Hathi1M: Introducing a Million Page Historical Prose Dataset in English from the Hathi Trust

March 17, 2022

Data, News

Really pleased to announce the release of a new data set that I’ve been working on with my collaborator Sunyam Bagga. In it we build on the prior work of Ted Underwood and his team to develop parallel corpora of fiction and non-fiction writing over the past two centuries.

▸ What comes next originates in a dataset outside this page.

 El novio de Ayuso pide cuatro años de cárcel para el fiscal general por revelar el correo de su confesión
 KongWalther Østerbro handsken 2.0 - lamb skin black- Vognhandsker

The data consist of 1,671,370 randomly sampled pages of English-language prose roughly divided between modes of fictional and non-fictional writing and published between the years 1800 and 2000. As we describe in greater detail in the piece, this data set has the following affordances:

The page as historical unit. Rather than sample entire documents we focus on the “page” as a distinct historical unit of analysis.
Comparative framework. Rather than focus on a single genre of writing, the parallel nature of the corpus allows us to better understand linguistic changes that are specific to fictional and non-fictional writing.
Single model. We update Underwood’s method by using a single predictive model on the entire time period. This corrects for anomalies in the data when two different time periods/models are combined.
Enriched metadata. We provide 107 enriched features about every page, including part-of-speech tags, difficulty measures, and supersense-tags as defined by bookNLP among many others. While full text is the gold standard for text data, we allow researchers to work with this data immediately.
Portability and Accessibility. By focusing on page data, we provide a data set that is easily portable and can be worked on at the local machine level. The enriched features also require no further computational processing and so researchers have immediate access to the data set. Because we also provide Hathi IDs, researchers can also use the Hathi capsule system to work on otherwise inaccessible in-copyright data.

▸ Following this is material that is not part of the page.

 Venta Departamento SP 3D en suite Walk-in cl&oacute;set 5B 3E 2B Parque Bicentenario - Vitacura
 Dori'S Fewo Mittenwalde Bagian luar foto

We see this is an exciting example of how research in the digital humanities can build on prior work to continue to generate better and more accessible data sets. We are extremely appreciative of the work of Underwood and his team who have created the conditions of this work at such a high level.

Our next steps are to see if we can leverage this information to generate more multilingual data sets to match the English language collection. More to come!

The data can be accessed here: https://doi.org/10.7910/DVN/HAKKUA.